Okay, so here’s what I seem to be doing: I am no longer trying to get the graphic novel completed before the end of April. I started working on my ‘sin eater’ novel again the other night, though, and am makng progress. I got to the end of the first two scenes last night (I’ll probably put one of them online later), and with perseverence I should be able to finish this novel by the end of the month. And the diet book.

I still fully intend to complete it in at least one format, at the very least number of drawings, a novel with a dozen or so full-page illustrations, and possibly a graphic novel comprised of around 14 comic-book-length chapter, and maybe also a mini-comic featuring stick figures, depending on how satisfied I am with whatever the main portion of it works out to be. I’ve been having trouble nailing it down; I have the basic story in mind, the characters and dramatic structure and all that, but I haven’t worked out the format that best suits it. I’ve got it started in at least four different major styles so far, one in poetry with no illustrations yet, one in third person omniscient with reasonable quality illustrations, one in first person with stick figures, and some notes on how to do it as a novel with illustration. Maybe I’ll tell this story four or five ways. Two of the styles listed require me to tell the story twice each.

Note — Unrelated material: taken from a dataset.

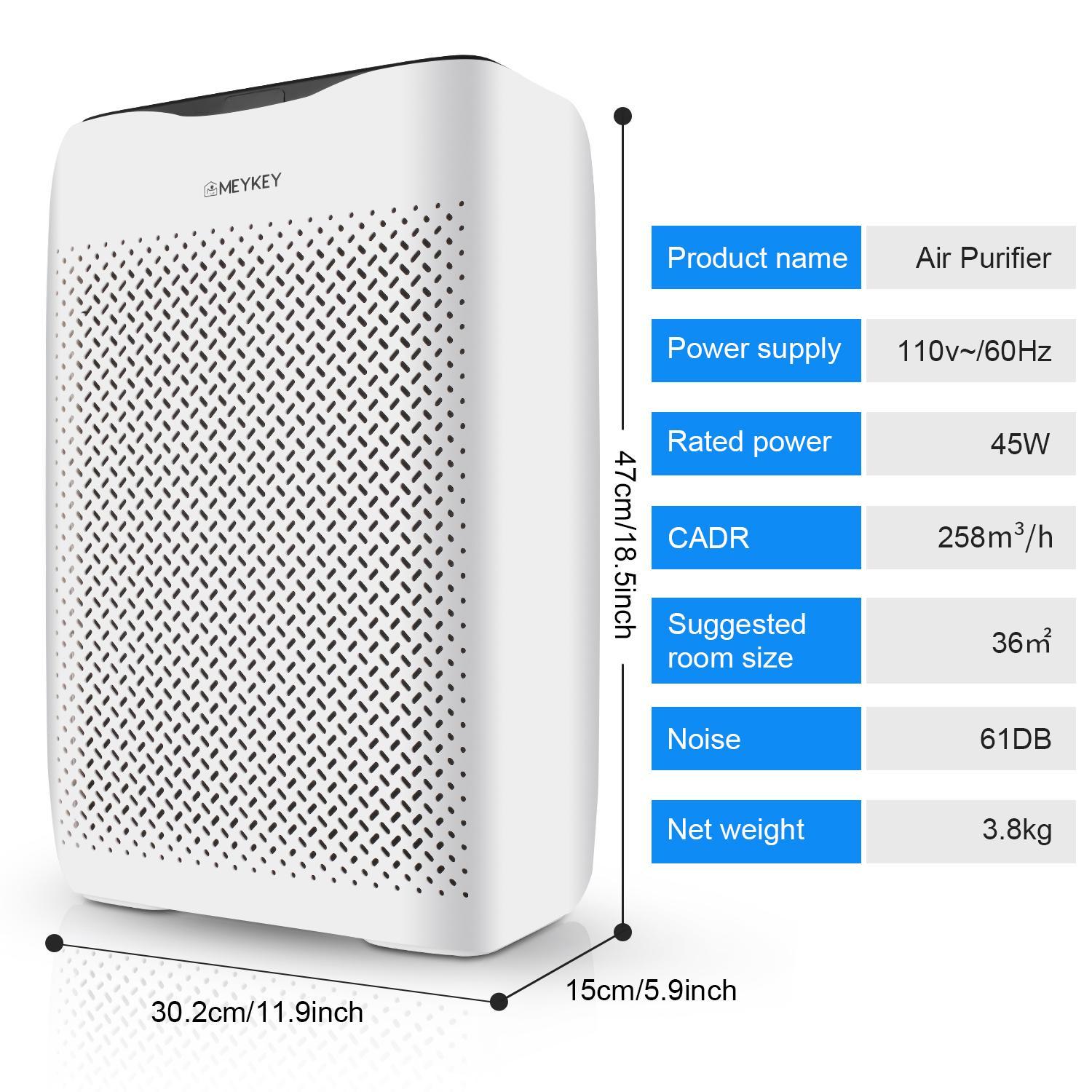 Difference Entre Humidificateur Et Purificateur D Air Purificateur AUCUNE 45w 61db purificateur d"air hepa avec système de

Anyway, what I was wondering is what you’d call this sort of thing. Is it just re-scheduling? That’s what it feels like; I wasn’t able to wrap my head fully around the drawn comic in the first half of the month, so I’ve pushed it back and moved up some projects I can get work done on immediately. Or does it look like I’m covering up over-reaching? I mean, in some respects it could be seen that way; I said I’d do more than I’m going to be able to do in the time period I specified, and I’ve taken a major project off the list of projects with ‘deadlines’ altogether. Though I am thinking of trying to do a 48hr comic on the weekend of 24hr comic day (next weekend), which, at my 4hr comic rates could be graphic-novel-length, to make up the difference. Or does this all look like something else I’m not seeing?

Maybe it just looks like me. I have big deams, ideals, and goals. I intend to do a lot, and I announce it. Some of it I get done the way I said I would, some of it I get done a little slower than I expected, and some of it ends up on the endless “to do later” list, and more stuff gets added to the top of the queue all the time so I never run out of big projects. Heck, after I came home from writing last night I started painting with gouache on illustration board in my old geometric style. Who knows what I’ll be working on a month from now?

reading after writing

Reading good fiction has become very strange and frustrating for me.

It is an affirmation and condemnation at the same time.

Generally, fiction I consider ‘good fiction’ tends to also be what I consider far, far better than my own writing. This may be some internal self-deprecation at work or my inability to separate myself from what I have written, but … I think most of all it is that I don’t seem to write like other people, so my writing is just … different. Better or worse, depending on personal opinions, but inherently merely different. Yet, when I read something by someone else and am drawn into the story, the characters, the highs and the lows, I seem unable to stop thinking about how much “better” the writing is than mine, how mine doesn’t look anything like theirs.